■ SUPPLIED INFORMATION ■
═══

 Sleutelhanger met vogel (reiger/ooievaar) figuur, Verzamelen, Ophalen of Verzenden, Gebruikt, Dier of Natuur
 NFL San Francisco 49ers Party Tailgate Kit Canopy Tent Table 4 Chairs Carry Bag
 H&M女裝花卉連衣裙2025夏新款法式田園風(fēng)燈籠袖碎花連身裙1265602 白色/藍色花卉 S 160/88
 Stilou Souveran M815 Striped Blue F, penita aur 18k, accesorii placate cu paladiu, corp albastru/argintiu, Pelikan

═══

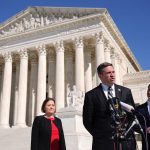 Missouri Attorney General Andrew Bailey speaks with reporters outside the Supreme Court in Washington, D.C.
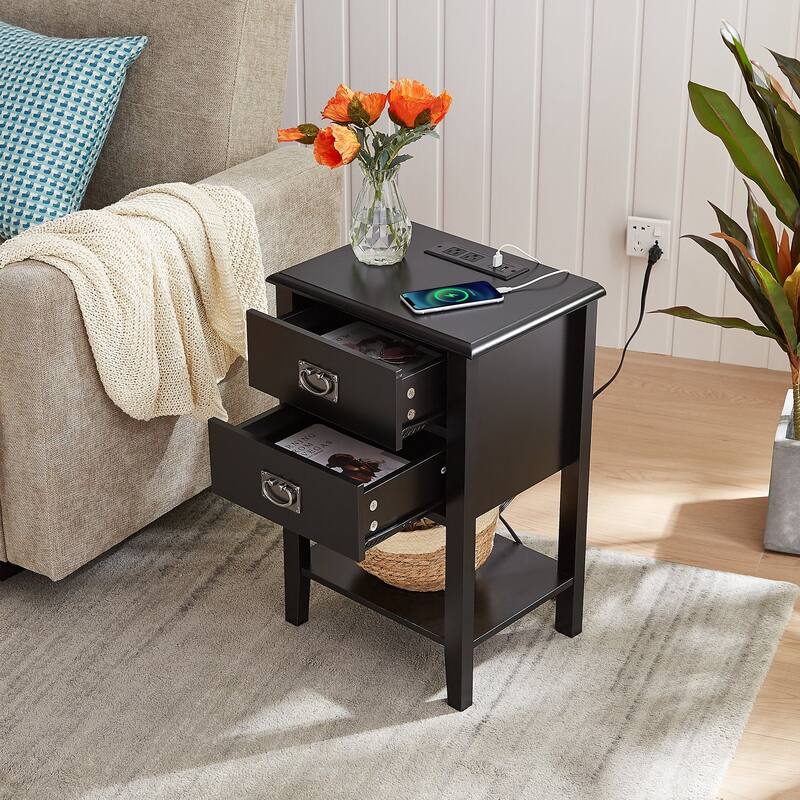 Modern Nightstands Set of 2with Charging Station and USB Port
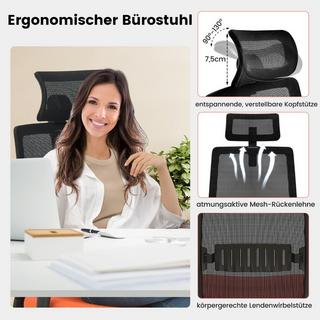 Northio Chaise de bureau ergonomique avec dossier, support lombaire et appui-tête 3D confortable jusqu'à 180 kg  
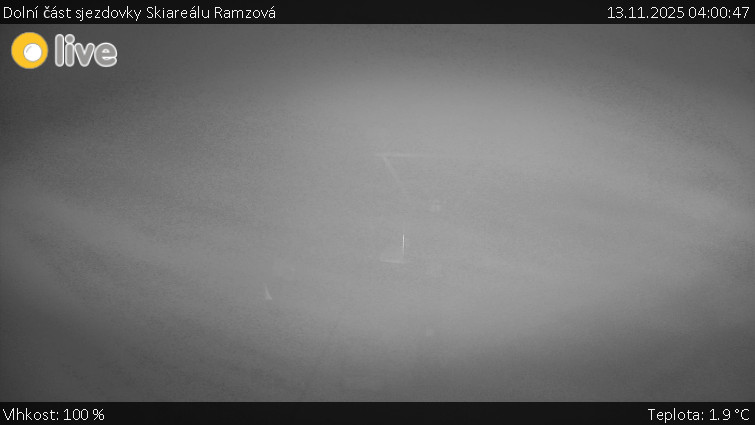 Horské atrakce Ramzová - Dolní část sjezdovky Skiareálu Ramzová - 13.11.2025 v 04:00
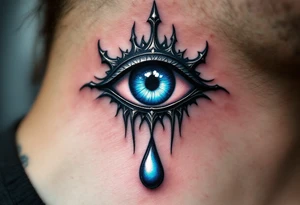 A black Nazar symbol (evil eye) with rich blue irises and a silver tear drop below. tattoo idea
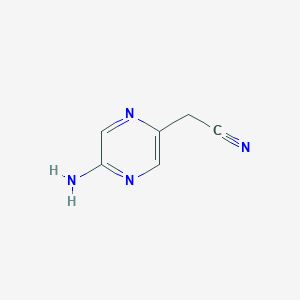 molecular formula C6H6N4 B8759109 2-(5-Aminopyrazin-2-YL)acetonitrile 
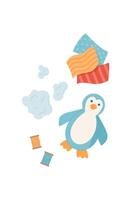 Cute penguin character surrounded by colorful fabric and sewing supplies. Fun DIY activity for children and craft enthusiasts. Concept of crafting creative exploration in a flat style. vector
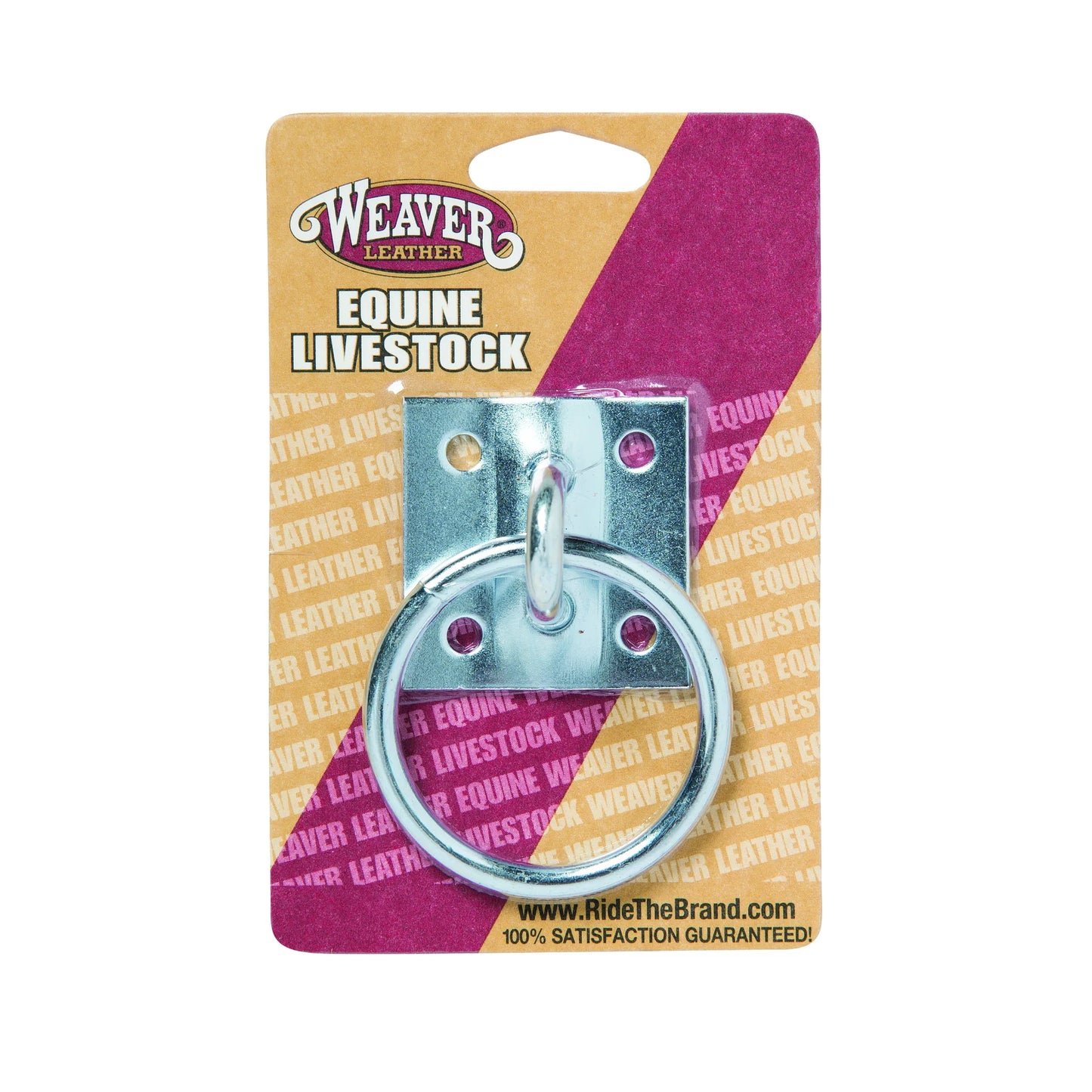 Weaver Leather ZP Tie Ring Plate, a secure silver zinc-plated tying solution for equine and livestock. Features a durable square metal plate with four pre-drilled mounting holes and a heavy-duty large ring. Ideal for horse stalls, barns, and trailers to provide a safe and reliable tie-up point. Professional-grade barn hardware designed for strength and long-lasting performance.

═══

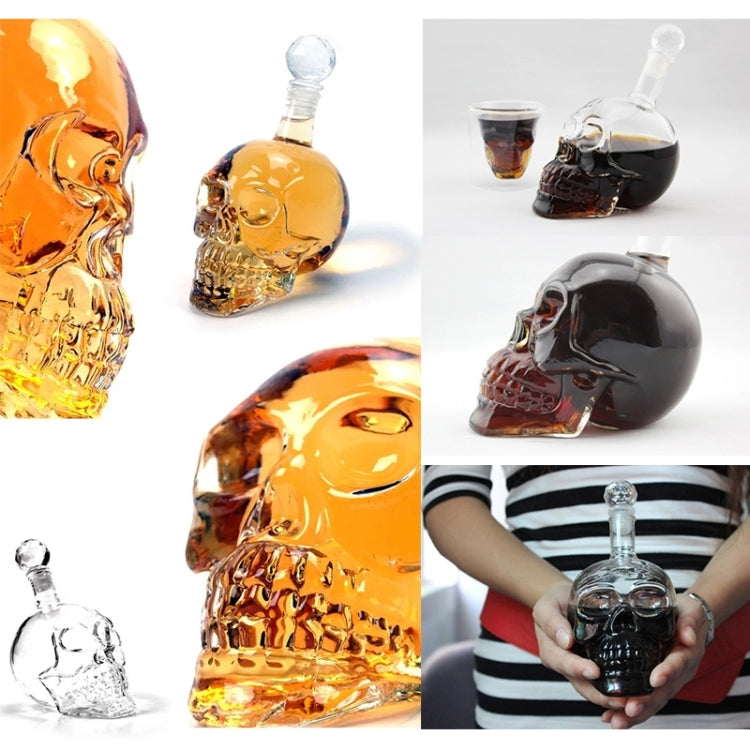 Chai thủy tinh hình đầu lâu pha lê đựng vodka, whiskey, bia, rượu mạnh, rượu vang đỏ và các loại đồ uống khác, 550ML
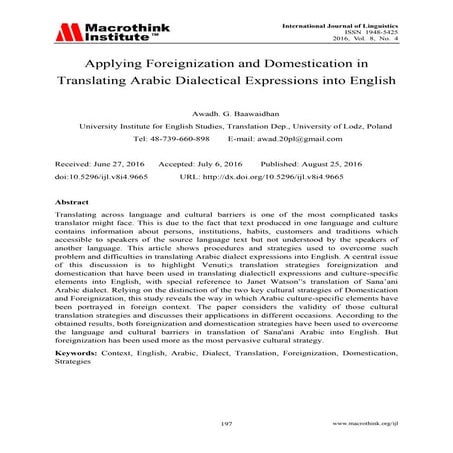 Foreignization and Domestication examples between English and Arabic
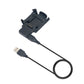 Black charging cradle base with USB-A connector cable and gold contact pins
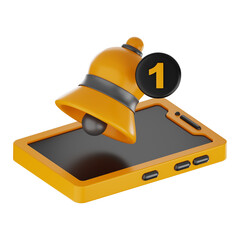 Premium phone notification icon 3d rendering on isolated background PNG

═══

■ DESCRIPTION OF THE TASK ■
Reproduce the data above exactly, but only from the line containing "Northio Chaise de" through the line containing "Weaver Leather ZP". Omit all pictures.

■ RESULT OF THIS EXERCISE ■
 Northio Chaise de bureau ergonomique avec dossier, support lombaire et appui-tête 3D confortable jusqu'à 180 kg  
 Horské atrakce Ramzová - Dolní část sjezdovky Skiareálu Ramzová - 13.11.2025 v 04:00
 A black Nazar symbol (evil eye) with rich blue irises and a silver tear drop below. tattoo idea
 molecular formula C6H6N4 B8759109 2-(5-Aminopyrazin-2-YL)acetonitrile 
 Cute penguin character surrounded by colorful fabric and sewing supplies. Fun DIY activity for children and craft enthusiasts. Concept of crafting creative exploration in a flat style. vector
 Weaver Leather ZP Tie Ring Plate, a secure silver zinc-plated tying solution for equine and livestock. Features a durable square metal plate with four pre-drilled mounting holes and a heavy-duty large ring. Ideal for horse stalls, barns, and trailers to provide a safe and reliable tie-up point. Professional-grade barn hardware designed for strength and long-lasting performance.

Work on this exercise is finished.